AWT Threading Issues

Listeners and threads

Unless otherwise noted all AWT listeners are notified on the event dispatch thread. It is safe to remove/add listeners from any thread during dispatching, but the changes only effect subsequent notification.
For example, if a key listeners is added from another key listener, the newly added listener is only notified on subsequent key events.

Auto-shutdown

According to The Java^TM Virtual Machine Specification, Second edition (see ァ2.17.9 and ァ2.19), the Java virtual machine (JVM) initially starts up with a single non-daemon thread, which typically calls the main method of some class. The virtual machine terminates all its activity and exits when one of two things happens:

• All the threads that are not daemon threads terminate.
• Some thread invokes the exit method of class Runtime or class System, and the exit operation is permitted by the security manager.

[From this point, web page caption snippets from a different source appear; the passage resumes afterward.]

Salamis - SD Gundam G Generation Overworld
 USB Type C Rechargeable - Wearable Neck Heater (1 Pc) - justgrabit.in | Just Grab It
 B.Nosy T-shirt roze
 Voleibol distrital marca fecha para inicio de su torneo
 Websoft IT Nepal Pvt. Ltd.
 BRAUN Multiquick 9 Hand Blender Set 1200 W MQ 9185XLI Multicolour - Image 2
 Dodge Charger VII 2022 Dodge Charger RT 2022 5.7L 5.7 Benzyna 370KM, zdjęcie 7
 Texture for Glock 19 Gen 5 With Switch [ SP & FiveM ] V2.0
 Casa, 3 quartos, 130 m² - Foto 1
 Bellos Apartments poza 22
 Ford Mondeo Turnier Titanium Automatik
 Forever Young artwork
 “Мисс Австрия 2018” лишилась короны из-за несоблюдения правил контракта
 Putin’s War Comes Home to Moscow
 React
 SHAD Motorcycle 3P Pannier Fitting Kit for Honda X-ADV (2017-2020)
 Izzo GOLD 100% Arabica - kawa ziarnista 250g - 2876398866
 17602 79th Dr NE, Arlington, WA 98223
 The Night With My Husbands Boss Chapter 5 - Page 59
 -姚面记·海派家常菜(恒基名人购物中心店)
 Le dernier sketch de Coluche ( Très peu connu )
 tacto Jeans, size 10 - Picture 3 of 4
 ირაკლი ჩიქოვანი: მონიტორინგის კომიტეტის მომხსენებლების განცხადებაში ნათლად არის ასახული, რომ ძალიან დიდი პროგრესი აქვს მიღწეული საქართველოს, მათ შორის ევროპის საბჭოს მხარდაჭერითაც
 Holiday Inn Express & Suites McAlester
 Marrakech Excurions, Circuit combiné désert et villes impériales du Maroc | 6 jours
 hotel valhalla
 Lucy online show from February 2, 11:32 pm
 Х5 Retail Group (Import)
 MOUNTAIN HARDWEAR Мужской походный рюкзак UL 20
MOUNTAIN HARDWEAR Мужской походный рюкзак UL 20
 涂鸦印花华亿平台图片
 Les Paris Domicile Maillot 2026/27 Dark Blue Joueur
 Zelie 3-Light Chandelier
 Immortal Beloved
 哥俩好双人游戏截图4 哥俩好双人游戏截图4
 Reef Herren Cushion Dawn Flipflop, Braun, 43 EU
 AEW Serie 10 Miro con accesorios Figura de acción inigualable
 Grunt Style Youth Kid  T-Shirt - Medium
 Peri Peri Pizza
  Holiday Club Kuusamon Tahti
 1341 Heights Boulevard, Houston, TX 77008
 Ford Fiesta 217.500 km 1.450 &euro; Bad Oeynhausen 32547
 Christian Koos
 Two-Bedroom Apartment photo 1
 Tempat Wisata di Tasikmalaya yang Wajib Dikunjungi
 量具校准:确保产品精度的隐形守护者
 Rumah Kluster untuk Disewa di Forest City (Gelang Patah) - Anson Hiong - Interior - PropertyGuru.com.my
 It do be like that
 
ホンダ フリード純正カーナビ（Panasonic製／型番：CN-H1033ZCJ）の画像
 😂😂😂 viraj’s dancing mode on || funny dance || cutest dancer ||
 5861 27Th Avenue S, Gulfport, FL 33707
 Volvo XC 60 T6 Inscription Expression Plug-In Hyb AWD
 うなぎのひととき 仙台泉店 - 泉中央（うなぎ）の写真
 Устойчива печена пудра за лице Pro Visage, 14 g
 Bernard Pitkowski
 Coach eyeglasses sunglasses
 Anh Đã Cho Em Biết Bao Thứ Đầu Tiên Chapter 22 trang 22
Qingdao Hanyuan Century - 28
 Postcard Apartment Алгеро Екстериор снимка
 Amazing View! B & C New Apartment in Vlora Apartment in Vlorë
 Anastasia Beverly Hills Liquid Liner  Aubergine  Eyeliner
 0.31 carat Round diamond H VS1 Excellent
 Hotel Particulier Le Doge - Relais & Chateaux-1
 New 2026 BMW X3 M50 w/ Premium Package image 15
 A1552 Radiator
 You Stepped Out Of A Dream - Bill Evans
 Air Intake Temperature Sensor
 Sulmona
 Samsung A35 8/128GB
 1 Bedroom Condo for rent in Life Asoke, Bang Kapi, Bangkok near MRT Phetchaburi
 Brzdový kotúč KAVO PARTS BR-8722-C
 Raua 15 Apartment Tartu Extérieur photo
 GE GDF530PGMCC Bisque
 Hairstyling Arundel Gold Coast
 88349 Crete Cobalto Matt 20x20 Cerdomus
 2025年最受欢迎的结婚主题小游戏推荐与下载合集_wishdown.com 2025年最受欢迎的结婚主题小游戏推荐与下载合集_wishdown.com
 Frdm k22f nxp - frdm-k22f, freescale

This implies that if an application doesn't start any threads itself, the JVM will exit as soon as main terminates. This is not the case, however, for a simple application that creates and displays a java.awt.Frame:

 public static void main(String[] args) {
 Frame frame = new Frame();
 frame.setVisible(true);
 }

The reason is that AWT encapsulates asynchronous event dispatch machinery to process events AWT or Swing components can fire. The exact behavior of this machinery is implementation-dependent. In particular, it can start non-daemon helper threads for its internal purposes. In fact, these are the threads that prevent the example above from exiting. The only restrictions imposed on the behavior of this machinery are as follows:

• EventQueue.isDispatchThread returns true if and only if the calling thread is the event dispatch thread started by the machinery;
• AWTEvents which were actually enqueued to a particular EventQueue (note that events being posted to the EventQueue can be coalesced) are dispatched:
  • Sequentially.
    That is, it is not permitted that several events from this queue are dispatched simultaneously.

    In the same order as they are enqueued.

    That is, if AWTEvent A is enqueued to the EventQueue before AWTEvent B then event B will not be dispatched before event A.
• There is at least one alive non-daemon thread while there is at least one displayable AWT or Swing component within the application (see Component.isDisplayable).

The implications of the third restriction are as follows:

• The JVM will exit if some thread invokes the exit method of class Runtime or class System regardless of the presence of displayable components;
• Even if the application terminates all non-daemon threads it started, the JVM will not exit while there is at least one displayable component.

It depends on the implementation if and when the non-daemon helper threads are terminated once all components are made undisplayable. The implementation-specific details are given below.

Implementation-dependent behavior.

Prior to 1.4, the helper threads were never terminated.

Starting with 1.4, the behavior has changed as a result of the fix for 4030718. With the current implementation, AWT terminates all its helper threads allowing the application to exit cleanly when the following three conditions are true:

• There are no displayable AWT or Swing components.
• There are no native events in the native event queue.
• There are no AWT events in java EventQueues.

Therefore, a stand-alone AWT application that wishes to exit cleanly without calling System.exit must:

• Make sure that all AWT or Swing components are made undisplayable when the application finishes. This can be done by calling Window.dispose on all top-level Windows. See Frame.getFrames.
• Make sure that no method of AWT event listeners registered by the application with any AWT or Swing component can run into an infinite loop or hang indefinitely. For example, an AWT listener method triggered by some AWT event can post a new AWT event of the same type to the EventQueue. The argument is that methods of AWT event listeners are typically executed on helper threads.

Note, that while an application following these recommendations will exit cleanly under normal conditions, it is not guaranteed that it will exit cleanly in all cases. Two examples:

• Other packages can create displayable components for internal needs and never make them undisplayable. See 4515058, 4671025, and 4465537.
• Both Microsoft Windows and X11 allow an application to send native events to windows that belong to another application. With this feature it is possible to write a malicious program that will continuously send events to all available windows preventing any AWT application from exiting cleanly.

On the other hand, if you require the JVM to continue running even after the application has made all components undisplayable you should start a non-daemon thread that blocks forever.

 <...>
 Runnable r = new Runnable() {
 public void run() {
 Object o = new Object();
 try {
 synchronized (o) {
 o.wait();
 }
 } catch (InterruptedException ie) {
 }
 }
 };
 Thread t = new Thread(r);
 t.setDaemon(false);
 t.start();
 <...>

The Java Virtual Machine Specification guarantees that the JVM doesn't exit until this thread terminates.